From Swans chairman Andrew Pridham in his pre-match address, describing the events of the past week in which Goodes chose to take a break from the game following persistent vilification by opposing fans, to moments before and during the game.
Many banners at the ground bore messages of support for Goodes, mentioning him by name or guernsey number.
A video package featuring Goodes played in the last 60 seconds before the first bounce, produced loud cheers from Sydney supporters, with Adelaide fans showing their support by waving an indigenous flag.
Once the game started, it took just 54 seconds for an indigenous celebration.
Lewis Jetta, who performed a war dance in support of Goodes after kicking a goal against West Coast last Sunday, did another celebratory dance after splitting the posts on the run from 52 metres.
The Swans’ other indigenous star Lance Franklin goaled from each of his first three kicks in the first half, but was content with a more-conventional arm raised-type celebration.
One Sydney player who unsurprisingly drew some boos from Adelaide fans was former Crow Kurt Tippett, who kicked three first-quarter goals in his first appearance against his old club.
Acknowledging Goodes’ guernsey number of 37, Sydney fans stood and cheered at the seven-minute mark of the third quarter.
Before the game, Pridham described Goodes as a great leader, educator and philanthropist and said Sydney’s games’ record holder had been subjected to relentless booing because he was Aboriginal and had the courage to stand and speak about matters close to his heart.
He compared Goodes’ stand to that of legendary American civil rights activist Rosa Parkes and slammed media pundits who refused to view the booing of the Sydney star as racism.
“I believe that the events of the last week are a seminal moment in our history – perhaps it was a moment that our nation needed to have,” Pridham said.
“Adam did not choose any of this to happen to him.”
“Adam did not choose to be called an ape.
“Adam could not analyse in a matter of seconds whether the person who called him that was 13 years old; he couldn’t analyse in seconds that the security guards may have been overzealous in her ejection; he couldn’t analyse her family background.

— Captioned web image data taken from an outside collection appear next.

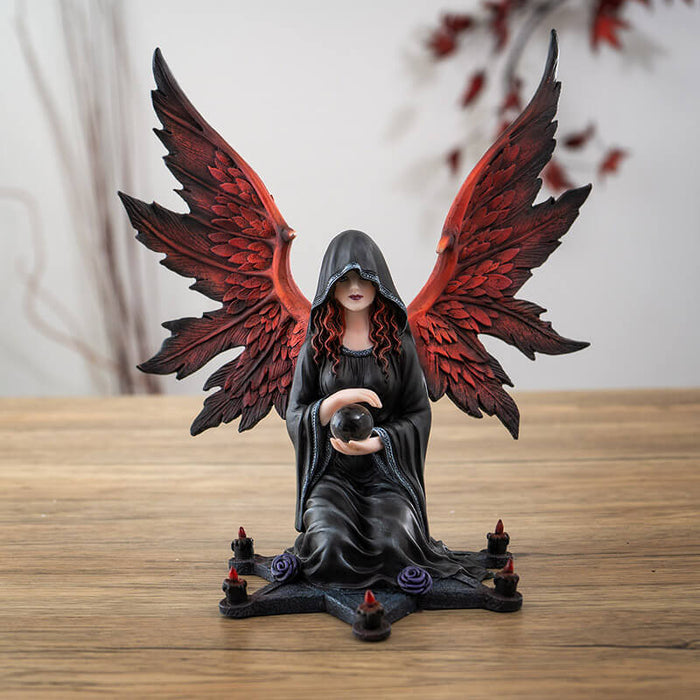 Figurine of an angel with red wings and hair in a black cloak, holding a crystal ball sitting at the center of a star with purple roses and candles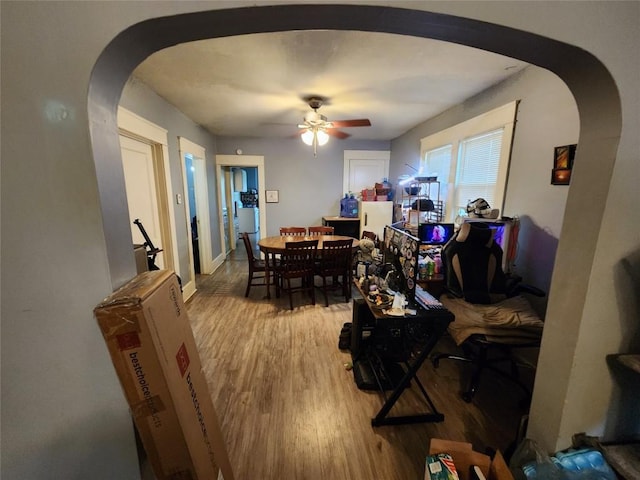 dining area with arched walkways, a ceiling fan, and light wood-type flooring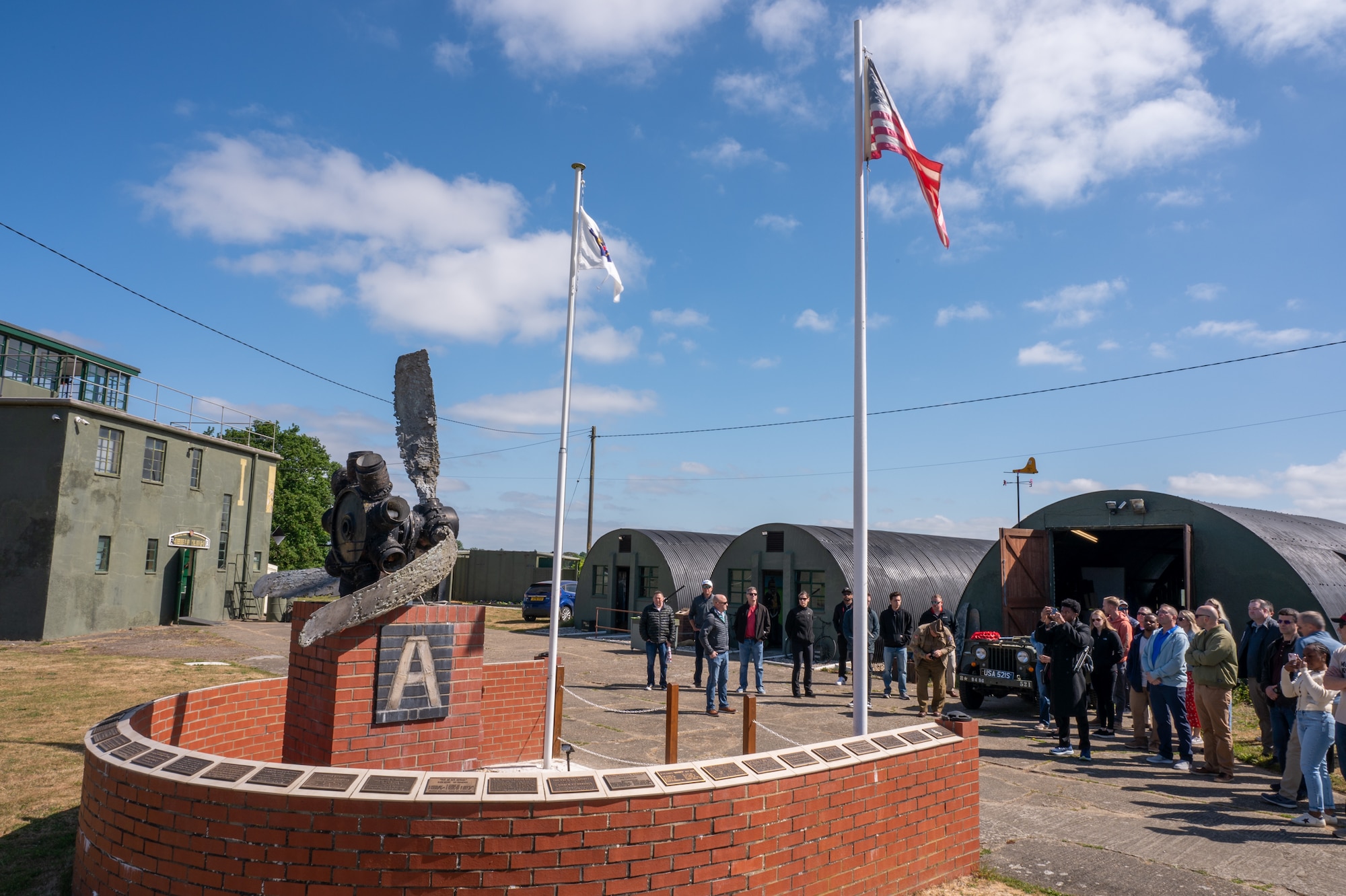 People stand near a memorial that features flags and a Big Sqaure A insignia at Rougham Control Tower Aviation Museum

“Adam did not choose to be Australian of the Year.
“His football brilliance has thrust him into the national spotlight.
“Adam has achieved great things and today we have seen he has shaken the nation’s conscience.
“Some find his message and actions confronting.
“The issue of racism is so deep-seated, nothing short of confronting can change the tide of generations of prejudice – some disgraceful media commentary from people of some profile either seeking ratings or relevance; taking the contrary view for the sake of it even though the contrary argument is hopelessly outdated and flawed.”